GCP Billing Kill Switch with Terraform (Stop Cloud Costs Fast)

Stop unexpected GCP bills before they explode. Learn how to build a Terraform-powered billing kill switch that automatically disables cloud spending when limits are crossed.

Table of Contents

Introduction

Last month, one of our dev teams spun up multiple GKE clusters on GCP for a client proof-of-concept. Standard stuff — a few nodes, some test workloads, a Cloud SQL instance for the backend. The PoC wrapped up but the clusters didn't get torn down.

By the time anyone noticed it, the bill had crossed $1200. The budget alert email landed in a shared inbox that nobody checks.

This wasn't a one-off. We run several GCP dev and sandbox projects across our customers. Developers spin up resources to test infrastructure patterns, try out new GCP services, or build demos. Most of the time they clean up. Sometimes they don't. And GCP's built-in budget alerts — while useful — only send notifications. They don't actually stop anything.

We needed something that would act, not just alert. A hard spending cap that would automatically disable billing on a project when costs crossed a threshold. We needed a kill switch that would cut the billing. Yes, disabling billing is aggressive — it stops all paid services cold (Compute, GKE, Cloud SQL, Cloud Run, everything). But for dev and sandbox environments, a temporarily broken project is far better than a surprise bill.

So we built one. A Cloud Function that listens for billing budget notifications via Pub/Sub and calls the Cloud Billing API to detach the billing account when spend exceeds a configurable threshold.
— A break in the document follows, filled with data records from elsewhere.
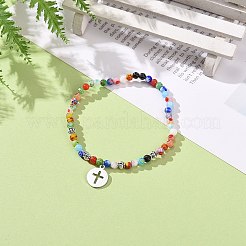 201 bracelets extensibles à breloques en acier inoxydable pour Halloween&nbsp;BJEW-JB05975-02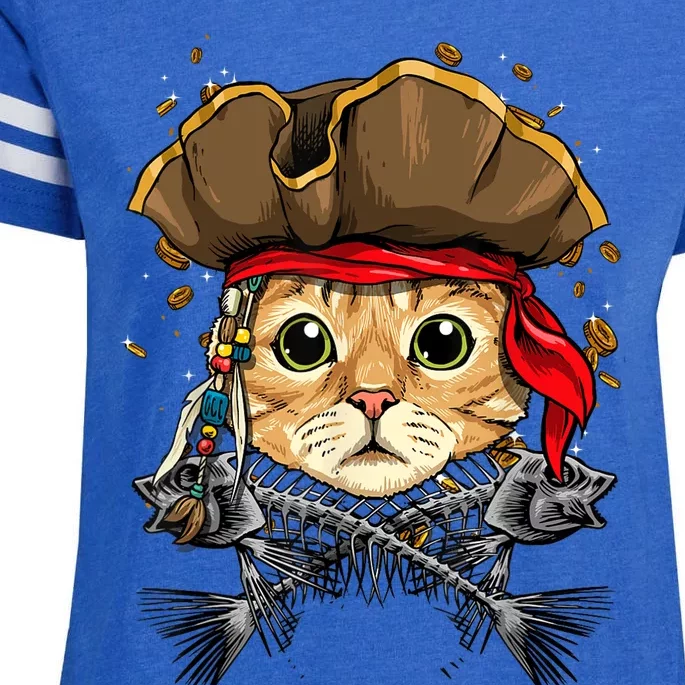 Pirate Cat Jolly Roger Flag Nautical Sailors Pet Cat Lover Enza Ladies Jersey Football T-Shirt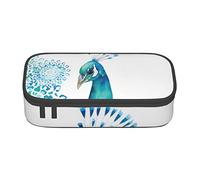 Oudrspo Beautiful Peacock and Floral Printed Durable Pencil Pouch Stationery Case with Zipper Compartment Large Capacity Portable Pencil Case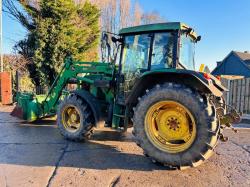 JOHN DEERE 6210 4WD TRACTOR C/W FRONT LOADER BUCKET & MUCK GRAB 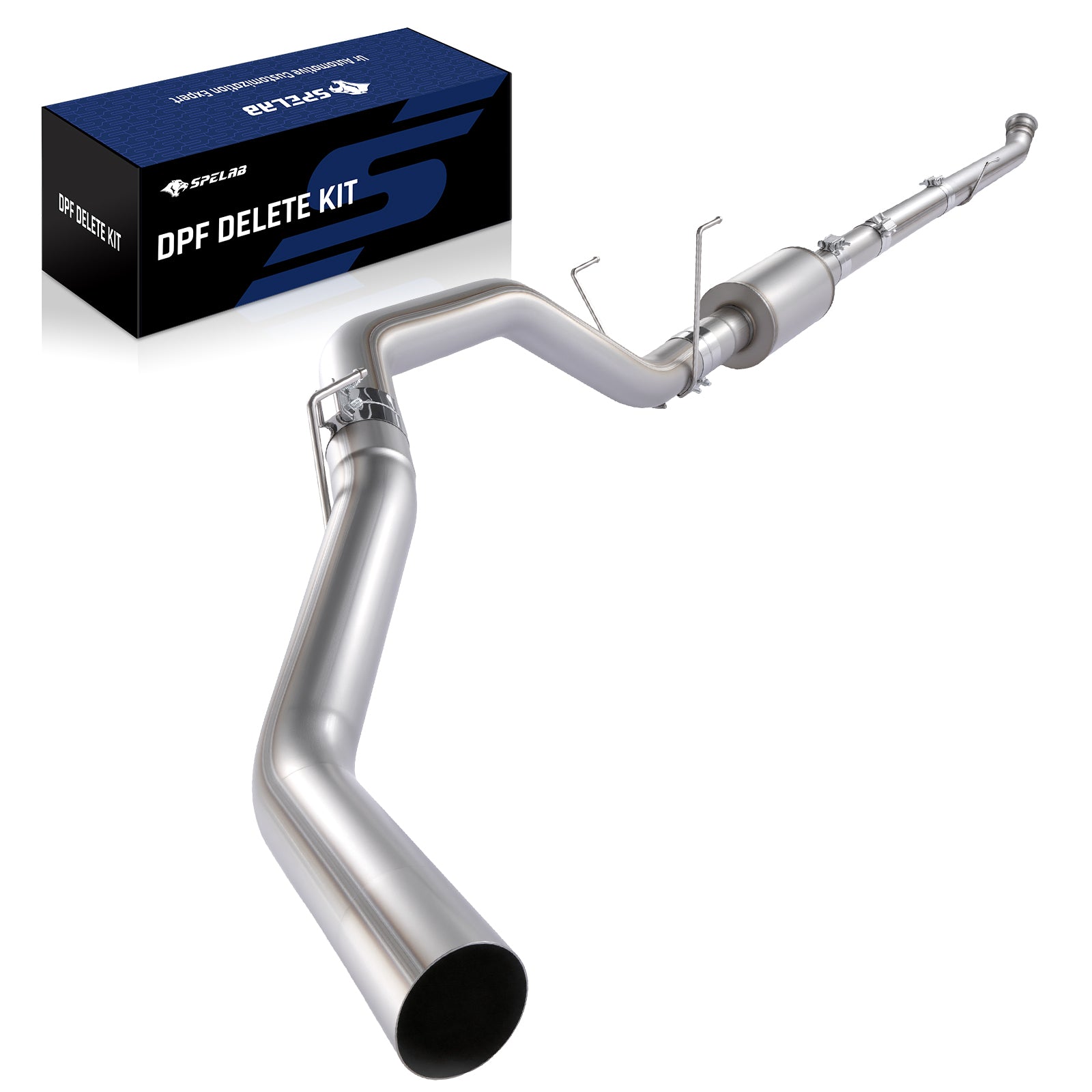 Assembled polished stainless-steel downpipe-back DPF delete exhaust with inline muffler, long S-bend tailpipe, wire hangers, and band clamps, beside a SPELAB DPF delete kit box for the 2019-2025 Dodge Ram 6.7L diesel.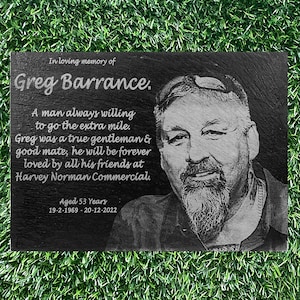 Memorial Plaque, laser engraved photo plaque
The entire thing is managed with Terraform, so we can stamp it across every dev project in minutes.

Here's how it works, and how you can set it up for your own GCP projects.

Architecture

The system has four moving parts: a Cloud Billing Budget that monitors spend, a Pub/Sub topic that carries budget notifications, an Eventarc trigger that routes messages to the function, and a Cloud Function (Gen 2) that decides whether to pull the plug.

GCP Billing Kill Switch Architecture (Visual Flow)
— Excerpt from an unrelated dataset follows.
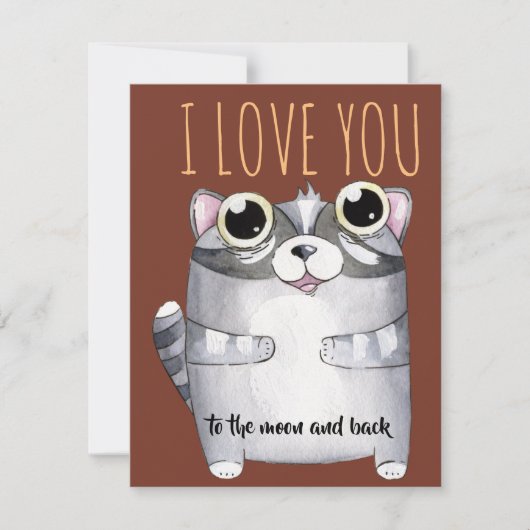 Adorables Cartoon Raccoon I Love You (Voorkant)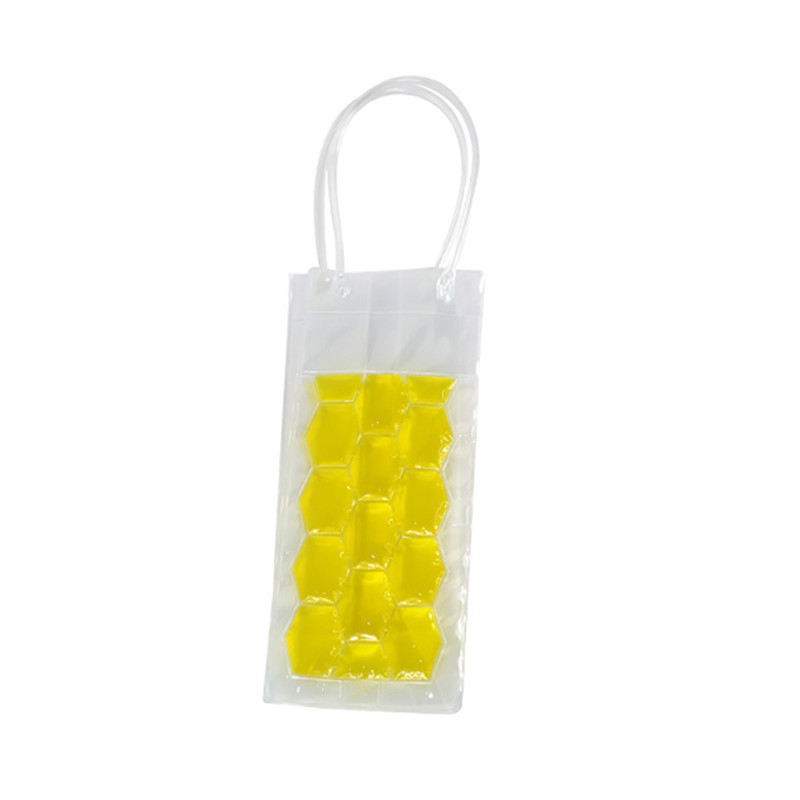 1pc pvc vinflaskor fryspåse champagnekylare öl kylande gel isbärare med handtag bärbara sprit iskalla verktyg: Gul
The flow is straightforward: GCP's billing system publishes a JSON notification to the Pub/Sub topic every time a budget threshold is crossed. The Cloud Function receives this message, compares the reported costAmount against budgetAmount * kill_switch_threshold, and if spend is at or above the threshold, it calls cloudbilling.projects.updateBillingInfo with an empty billing account name — which is GCP's documented way to detach billing from a project.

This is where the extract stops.